Сейчас изящная словесность, прежде всего традиционная, в бумажном обличье, лишена сакральной сущности, а ранее именно она заменяла нам икону, а писатели и их герои – святых и апостолов. Нас целенаправленно приучали любить стихи и прозу с первоклашек, водя на экскурсии в читальные залы, организуя работу клуба книголюбов, даря сборники на дни рождения, в награду за хорошую учёбу, особенно ценя, если учащийся извлекал из прочитанного мораль, совершал небольшое открытие и делился им с остальными. Поднимите меня на смех, не стесняйтесь, но мы верили печатному слову, старались походить на положительных персонажей классики, учились доброте, искренности, милосердию. Мы полагали, будто сможем, как дедушки и бабушки, отстоять социалистическое государство от нашествия любого коварного врага, пусть и ценой собственной жизни. И в страшном ночном кошмаре не представляли, что участь нас и нашей Родины, от чьего имени немного погодя из омута злого и вязкого с экранов телевизоров начнут вещать кровавые клоуны и оборотни, уже исчислена, взвешена и определена. И вскоре каждый либо превратится в изменника, либо одиноко сгинет в борьбе за кусок хлеба, не выдержав неравную схватку. Кто—то умрёт от воспаления лёгких, ослабленный водкой и наркотиками; кто—то в приступе белой горячки залезет в петлю; кто—то, решив ударно отпраздновать собственный день рождения, закончит его, истекая кровью в покорёженном автомобиле, врезавшемся в бетонный столб. Конечно, не всех ожидала столь печальная доля, большинство выкарабкалось, сохранив достоинство, приспособившись к бездумно воспеваемым «переменам», определённая категория – весьма неплохо. Но никуда не делись и отрёкшиеся от детства и юности, обернувшиеся, тоненький бисквит ломая, в самовлюблённых, меркантильных лицемерных иудушек, эгоистов, измеряющих ценность человека лишь количеством денежных знаков на банковском счёте, крутостью должности или наличием престижного авто.

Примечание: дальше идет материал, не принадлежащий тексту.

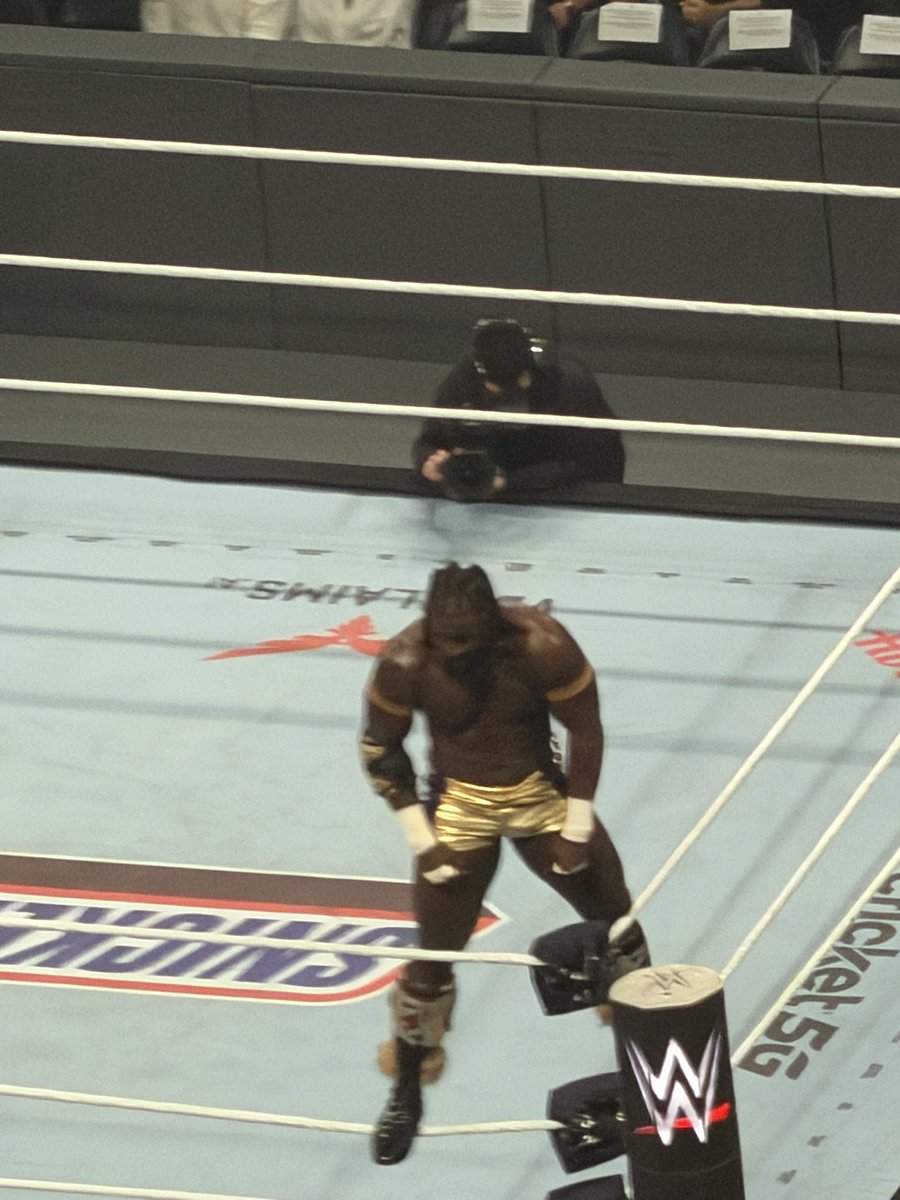maskedreviewer's tweet photo. The ruler reigns victorious. #mitb https://t.co/nPGSv9vFEF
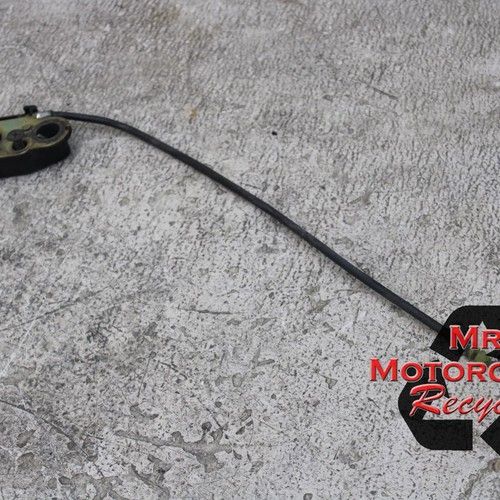 00 02 SUZUKI GSXR1000 GSXR 1000 OEM REAR PASSENGER SEAT LATCH LOCK ASSEMBLY L17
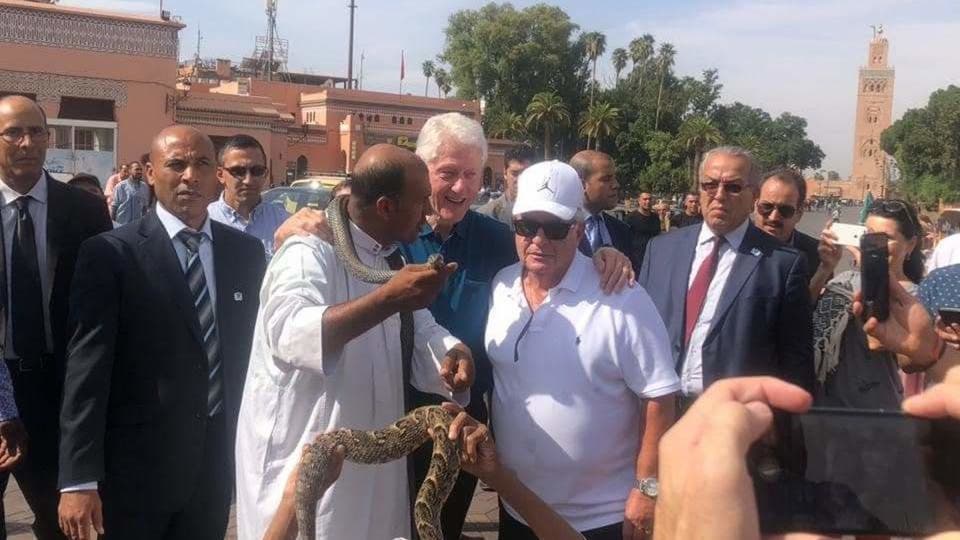 بالصور.. الرئيس السابق بيل كلينتون يتجول في شوارع مراكش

С книгами я и мои друзья: Банан, Гоша, Панчо, Ложкин, не расставались буквально ни на минуту. Помимо школьной библиотеки, мы довольно рано записались в сельскую детскую, и к 15—16 годам, прошерстив её вдоль и поперёк, утратили к ней интерес. Часами я просиживал, поглощая захватывающее повествование, обедал и ужинал, уткнувшись в строчки, и даже, случалось, укрывался ночью под одеялом с фонариком и увлекательной повестью пока мгновениями стекала муть узора зимнего.